The following facts are relevant to the service of process issue. On May 13, 1983, plaintiffs delivered a copy of the Summons and Complaint to a Mr. Horst Streichan in the commercial section of the GDR embassy in New York City. In an affidavit, counsel for Planeta states that Streichan has no connection with Planeta, but is an employee of Unitechna. Altman Affidavit, [P] 5. Three weeks later, plaintiffs served another copy of the Summons and Complaint at the GDR's New York embassy on a person named Ms. Dachmar. Planeta's attorney also states that upon information and belief no one by the name of Ms. Dachmar is employed at the GDR embassy. Altman Affidavit, [P] 5. It appears, however, that the person served may have been Dagmar Kuehnelt, Mr. Streichan's secretary. Neither Streichan nor Kuehnelt are apparently authorized to accept service on behalf of Planeta. Defendant's counsel also affirms that Planeta has no office in the United States, is not authorized to do business in New York, and has no officer, managing or general agent authorized to receive service of process in the United States. Rand Affidavit, [P] 2. On August 3, 1983, plaintiff served a copy of the Summons and Complaint on the New York Secretary of State pursuant to N.Y. Bus. Corp. L. § 307, and re-served the Secretary of State on November 7, 1983, who confirmed service in a letter dated December 9, 1983.
In March 1984, plaintiffs' counsel received a short letter from a Dieter Peh, who is a First Secretary in the Commercial Section of the GDR's New York embassy. In pertinent part, the correspondence stated that:
Today we got your Third Party Summons dated August 22, 1983. Please notice that the POLYGRAPH-Export-Import foreign trade enterprise is located in the German Democratic Republik, 1080 Berlin, Friederichstrasse 61.
If you want to send something to this enterprise, please send it to the above mentioned address.
Although it is uncontested that Zenith attempted to join Polygraph to the action as a third-party defendant in a Summons dated August 22, 1983, there is no indication that the Lippuses have asserted a claim against Polygraph, who is sued here as a third party defendant. Nevertheless, on March 12, 1984, plaintiffs' counsel attempted to re-serve Planeta by sending a copy of the Summons and complaint against Planeta to the GDR at the Berlin address mentioned in Peh's letter.
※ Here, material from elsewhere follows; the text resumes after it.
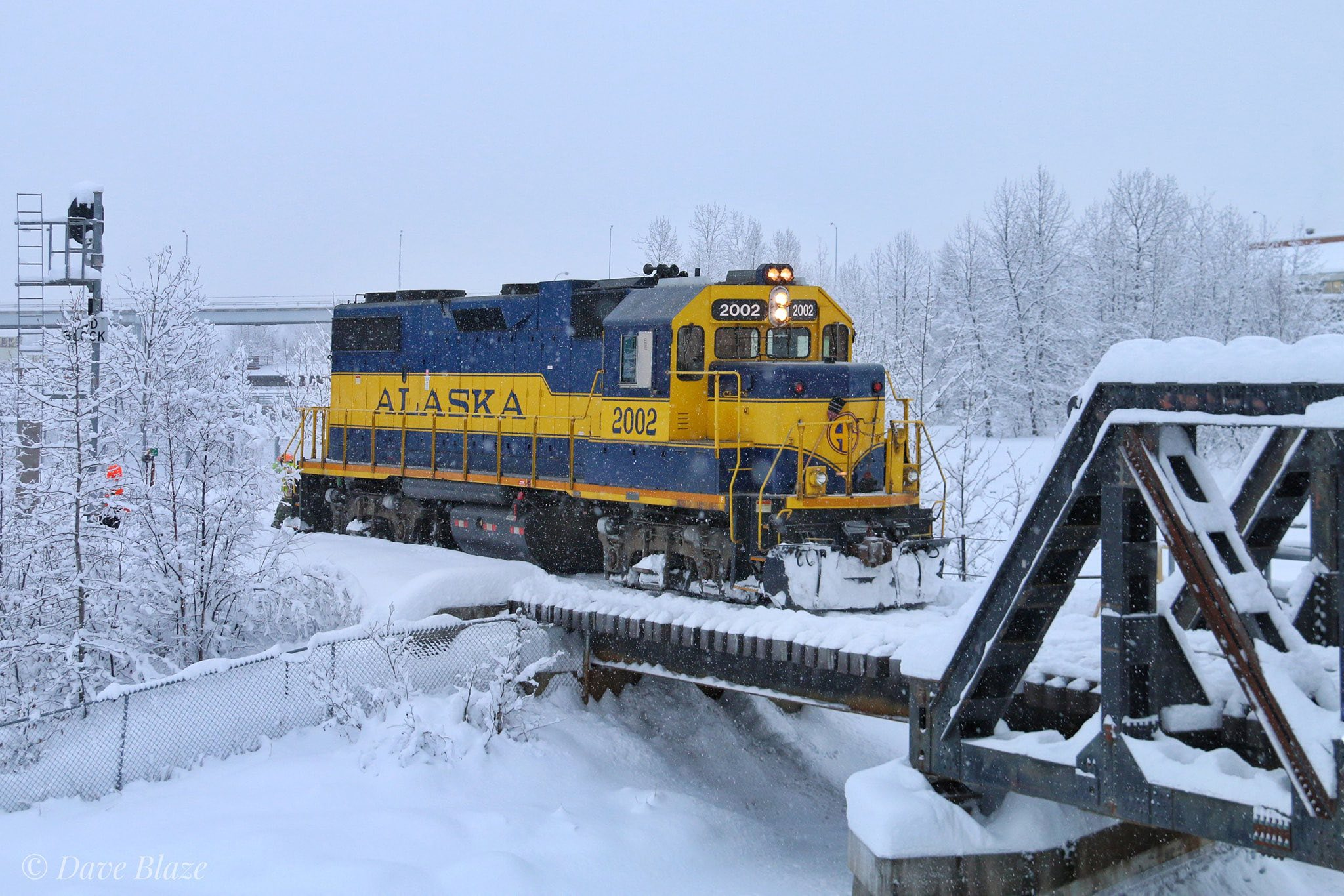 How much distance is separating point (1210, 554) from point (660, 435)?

The papers were not addressed and dispatched by the clerk of the court but were merely sent certified mail and without a German translation. On April 5, 1984, plaintiffs' counsel again sent an untranslated copy of the Summons and Complaint, this time by registered mail return receipt requested, to Planeta at another address in the GDR and also to Polygraph in Berlin with instructions to forward the documents to their lawyers in the United States. Planeta's attorney states that in April 1984, he received from Planeta a copy of plaintiffs' April 5 Summons and Complaint. Rand Affidavit, [P] 3. Shortly thereafter, Planeta removed the action to this Court.
Planeta argues that the Complaint should be dismissed because plaintiffs have failed to comply with the service provisions of the Foreign Sovereign Immunities Act, 28 U.S.C. § 1608(b) ("FSIA").
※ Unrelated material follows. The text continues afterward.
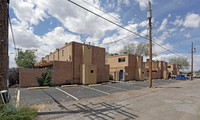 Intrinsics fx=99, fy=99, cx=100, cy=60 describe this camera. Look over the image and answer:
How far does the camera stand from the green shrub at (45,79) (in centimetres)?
1226

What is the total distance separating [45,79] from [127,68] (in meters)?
16.7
It is conceded that under the FSIA proper service must be made upon Planeta in accordance with either the first clause of subsection (b)(2)(by delivery of the Summons and Complaint in English to an agent or officer in the United States), or by clause (B) of subsection (b)(3) (by having the clerk of the court mail a copy of the Summons and Complaint return receipt requested together with a German translation, to Planeta's offices in the GDR). It is beyond doubt that § 1608 is the exclusive means of service under the FSIA. 1976 U.S. Code Cong. & Ad. News 6604, 6622. Planeta contends that plaintiffs have not complied with the service provisions of the FSIA, either under subsection (b)(2) or (b)(3)(B).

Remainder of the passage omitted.